Don’t miss out on Current in New Orleans, October 29-30th — save 30% with code PRM-WEB | Register today

Cross-Cloud Data Replication Over Private Networks With Confluent

Écrit par

Modern businesses don’t run in just one place. Your applications might live in Amazon Web Services (AWS), your analytics in Microsoft Azure, and critical systems on-premises. The challenge? Keeping all that data connected and flowing in real time—without adding complexity or risk. As more organizations adopt these multicloud strategies, the need for secure, private data replication has become critical.

That’s why Confluent is introducing cross-cloud data replication over private networks, the first and only platform to do so. Now, you can move data securely between AWS, Azure, and Google Cloud even when your clusters are in a private network. This secure cross-cloud replication over the Confluent backbone creates a global private streaming mesh while also including native enterprise-grade protections like IP filtering, mutual TLS (mTLS) authentication, and application-level access controls.

Cross-cloud replication over private networks is powered by Cluster Linking, Confluent’s fully managed, offset-preserving replication service that mirrors topics across clusters. Cluster Linking already makes it simple to connect environments across regions, clouds, and hybrid deployments with near-zero data loss. Now, with private cross-cloud replication, the possibilities expand even further—enabling secure multicloud data sharing, disaster recovery, and compliance use cases that many organizations, particularly those in regulated industries, have struggled to solve for years.

The Need for Cross-Cloud Replication Over Private Networks

For enterprises running across multiple clouds, keeping data secure, connected, and always available is not optional; it’s mission-critical. Yet many organizations face strict barriers regarding security and compliance that prevent them from sharing data over the public internet. Private cross-cloud replication solves both technical challenges and business considerations, unlocking use cases that have been out of reach.
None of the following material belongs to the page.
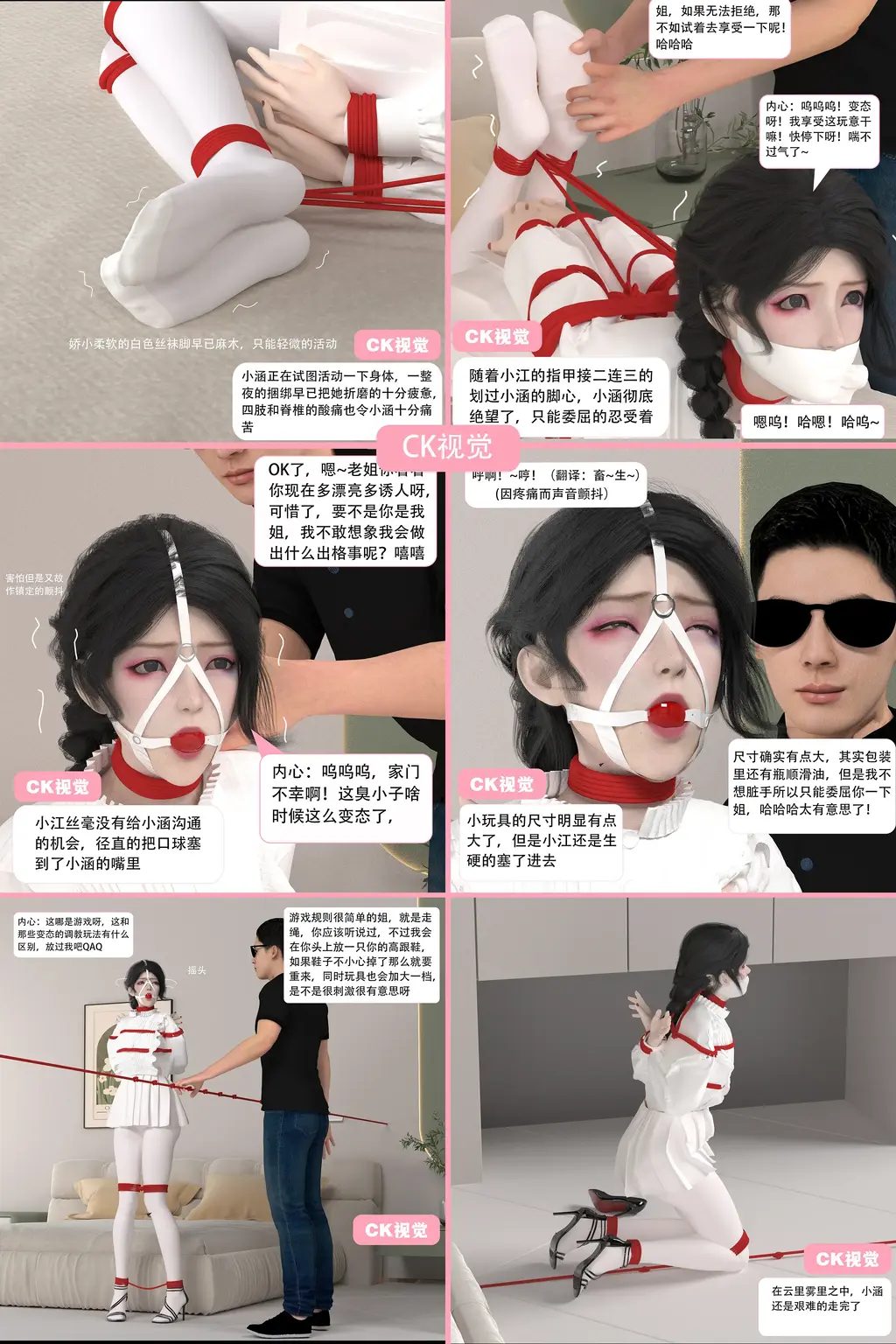 【CK视觉】性奴姐姐02--白丝袜/口球/走绳调教/驷马捆绑/T蛋/TK/调教/中文剧情 - 一部关于弟弟调教美女姐姐的作品、落在弟弟手里的姐姐、将会被各种玩弄，捆绑，羞辱，最终调教成性奴隶 [白丝,挠痒,3D画]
  • Data sharing: Share data seamlessly across environments without re-architecting existing systems, which is especially valuable when companies merge or teams collaborate and their data resides in different clouds. If only a single copy of the data is kept in AWS, Azure-based clients must constantly access it remotely, which can increase latency, drive up egress costs, and create performance bottlenecks. Replicating the data into Azure allows local consumption while keeping access secure and efficient.

  • Disaster recovery and resilience: Maintain standby clusters across cloud providers or regions. If one cloud experiences an outage, you can fail over while maintaining a near-zero recovery time objective (RTO) and recovery point objective (RPO). This allows your application to withstand cloud and regional failures.

  • Aggregated analytics: Consolidate data from multiple clouds into a single environment for unified reporting and advanced analytics.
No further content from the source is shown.